** WHAT YOU ARE ASKED TO DO **
From the first entry to the last, copy each one exactly.
Start of Block
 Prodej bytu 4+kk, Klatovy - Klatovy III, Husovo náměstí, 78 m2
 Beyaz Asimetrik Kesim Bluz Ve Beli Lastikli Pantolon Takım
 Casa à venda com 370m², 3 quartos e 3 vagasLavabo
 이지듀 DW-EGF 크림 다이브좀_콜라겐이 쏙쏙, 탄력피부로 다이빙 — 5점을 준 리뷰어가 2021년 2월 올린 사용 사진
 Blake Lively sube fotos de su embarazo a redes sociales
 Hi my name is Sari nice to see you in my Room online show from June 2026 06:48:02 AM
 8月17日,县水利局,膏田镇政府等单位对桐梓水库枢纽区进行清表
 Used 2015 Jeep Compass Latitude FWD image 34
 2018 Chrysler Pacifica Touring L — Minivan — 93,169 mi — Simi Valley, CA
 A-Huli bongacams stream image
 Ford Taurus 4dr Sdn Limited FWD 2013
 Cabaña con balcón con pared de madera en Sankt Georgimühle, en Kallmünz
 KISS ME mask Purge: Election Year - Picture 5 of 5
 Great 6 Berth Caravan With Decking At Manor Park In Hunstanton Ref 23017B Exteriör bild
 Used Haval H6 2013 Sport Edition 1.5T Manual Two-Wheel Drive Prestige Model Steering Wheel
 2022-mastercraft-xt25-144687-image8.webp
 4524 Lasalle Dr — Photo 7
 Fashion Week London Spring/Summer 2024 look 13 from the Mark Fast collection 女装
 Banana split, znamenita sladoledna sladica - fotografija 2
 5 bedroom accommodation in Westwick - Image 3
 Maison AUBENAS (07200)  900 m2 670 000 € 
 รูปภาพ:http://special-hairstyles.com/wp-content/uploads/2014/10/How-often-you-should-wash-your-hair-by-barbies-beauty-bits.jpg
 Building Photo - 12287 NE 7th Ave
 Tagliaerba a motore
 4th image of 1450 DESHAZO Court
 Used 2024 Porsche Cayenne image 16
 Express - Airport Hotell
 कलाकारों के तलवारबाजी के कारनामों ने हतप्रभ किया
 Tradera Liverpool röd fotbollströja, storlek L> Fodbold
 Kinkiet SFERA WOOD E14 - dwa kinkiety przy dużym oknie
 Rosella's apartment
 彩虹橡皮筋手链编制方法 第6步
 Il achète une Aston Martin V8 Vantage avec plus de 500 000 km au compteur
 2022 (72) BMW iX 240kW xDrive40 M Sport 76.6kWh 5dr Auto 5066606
End of Block
** OUTPUT FOR THIS TASK **
 Prodej bytu 4+kk, Klatovy - Klatovy III, Husovo náměstí, 78 m2
 Beyaz Asimetrik Kesim Bluz Ve Beli Lastikli Pantolon Takım
 Casa à venda com 370m², 3 quartos e 3 vagasLavabo
 이지듀 DW-EGF 크림 다이브좀_콜라겐이 쏙쏙, 탄력피부로 다이빙 — 5점을 준 리뷰어가 2021년 2월 올린 사용 사진
 Blake Lively sube fotos de su embarazo a redes sociales
 Hi my name is Sari nice to see you in my Room online show from June 2026 06:48:02 AM
 8月17日,县水利局,膏田镇政府等单位对桐梓水库枢纽区进行清表
 Used 2015 Jeep Compass Latitude FWD image 34
 2018 Chrysler Pacifica Touring L — Minivan — 93,169 mi — Simi Valley, CA
 A-Huli bongacams stream image
 Ford Taurus 4dr Sdn Limited FWD 2013
 Cabaña con balcón con pared de madera en Sankt Georgimühle, en Kallmünz
 KISS ME mask Purge: Election Year - Picture 5 of 5
 Great 6 Berth Caravan With Decking At Manor Park In Hunstanton Ref 23017B Exteriör bild
 Used Haval H6 2013 Sport Edition 1.5T Manual Two-Wheel Drive Prestige Model Steering Wheel
 2022-mastercraft-xt25-144687-image8.webp
 4524 Lasalle Dr — Photo 7
 Fashion Week London Spring/Summer 2024 look 13 from the Mark Fast collection 女装
 Banana split, znamenita sladoledna sladica - fotografija 2
 5 bedroom accommodation in Westwick - Image 3
 Maison AUBENAS (07200)  900 m2 670 000 € 
 รูปภาพ:http://special-hairstyles.com/wp-content/uploads/2014/10/How-often-you-should-wash-your-hair-by-barbies-beauty-bits.jpg
 Building Photo - 12287 NE 7th Ave
 Tagliaerba a motore
 4th image of 1450 DESHAZO Court
 Used 2024 Porsche Cayenne image 16
 Express - Airport Hotell
 कलाकारों के तलवारबाजी के कारनामों ने हतप्रभ किया
 Tradera Liverpool röd fotbollströja, storlek L> Fodbold
 Kinkiet SFERA WOOD E14 - dwa kinkiety przy dużym oknie
 Rosella's apartment
 彩虹橡皮筋手链编制方法 第6步
 Il achète une Aston Martin V8 Vantage avec plus de 500 000 km au compteur
 2022 (72) BMW iX 240kW xDrive40 M Sport 76.6kWh 5dr Auto 5066606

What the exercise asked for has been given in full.